◆ ASSIGNMENT ◆
Only the lines from the one containing "Τοπίο Στο Δάσος" through the end of the listing are to be repeated, exactly and without pictures.

◆ RAW DATA ◆
╭──

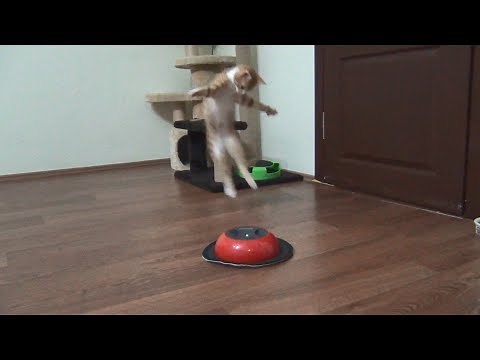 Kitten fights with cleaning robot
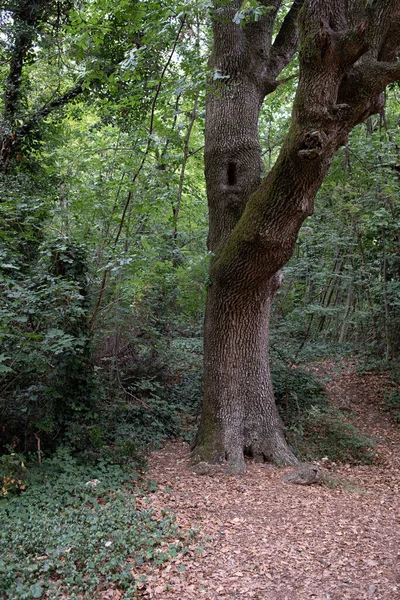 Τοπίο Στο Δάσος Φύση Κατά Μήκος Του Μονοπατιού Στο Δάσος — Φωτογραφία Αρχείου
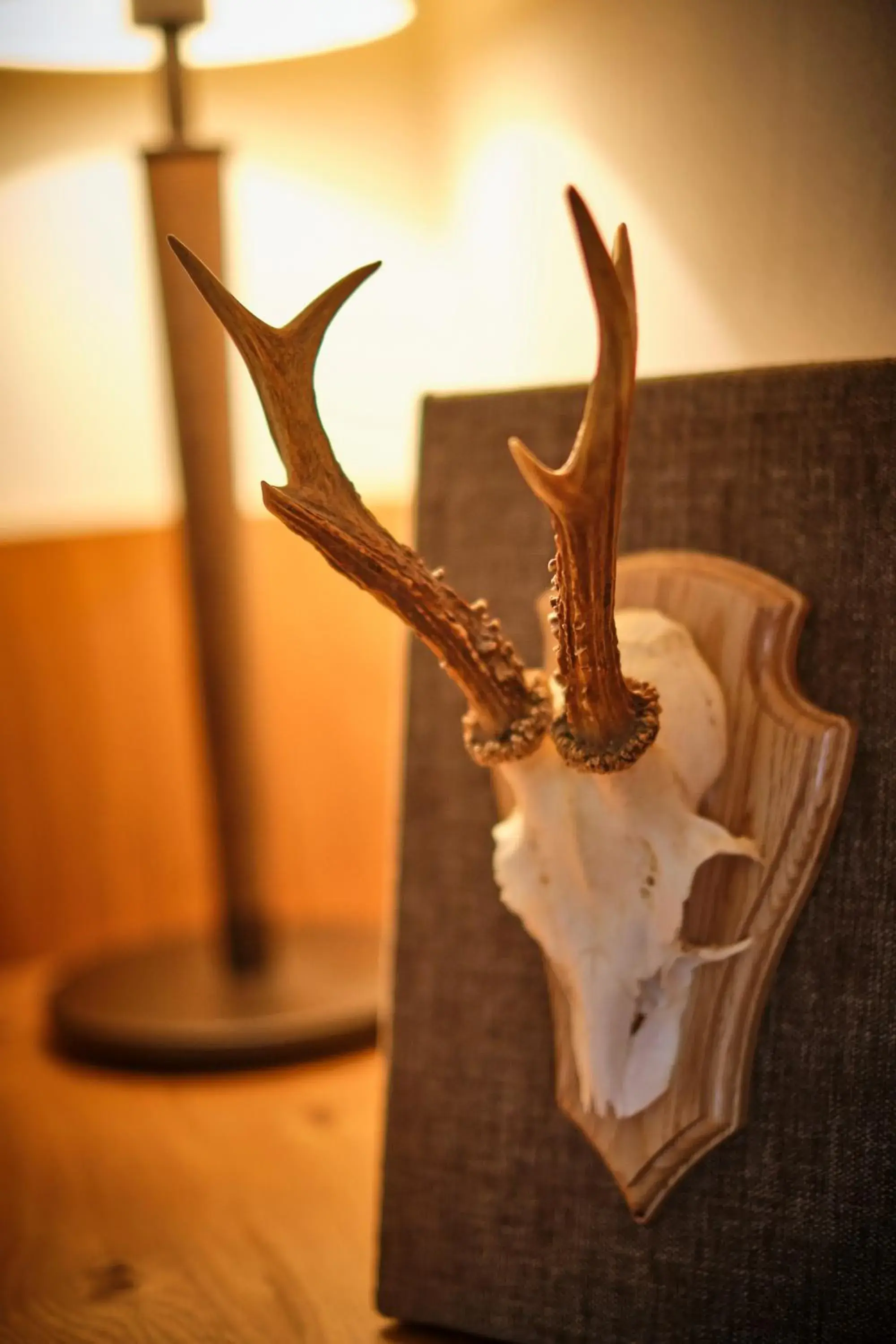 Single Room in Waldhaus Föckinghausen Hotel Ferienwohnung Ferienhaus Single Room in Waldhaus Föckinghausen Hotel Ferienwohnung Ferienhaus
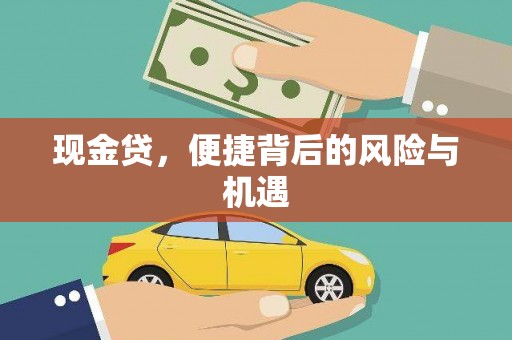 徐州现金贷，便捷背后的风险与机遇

╰──

◆ EXPECTED ANSWER ◆
 Τοπίο Στο Δάσος Φύση Κατά Μήκος Του Μονοπατιού Στο Δάσος — Φωτογραφία Αρχείου
 Single Room in Waldhaus Föckinghausen Hotel Ferienwohnung Ferienhaus Single Room in Waldhaus Föckinghausen Hotel Ferienwohnung Ferienhaus
 徐州现金贷，便捷背后的风险与机遇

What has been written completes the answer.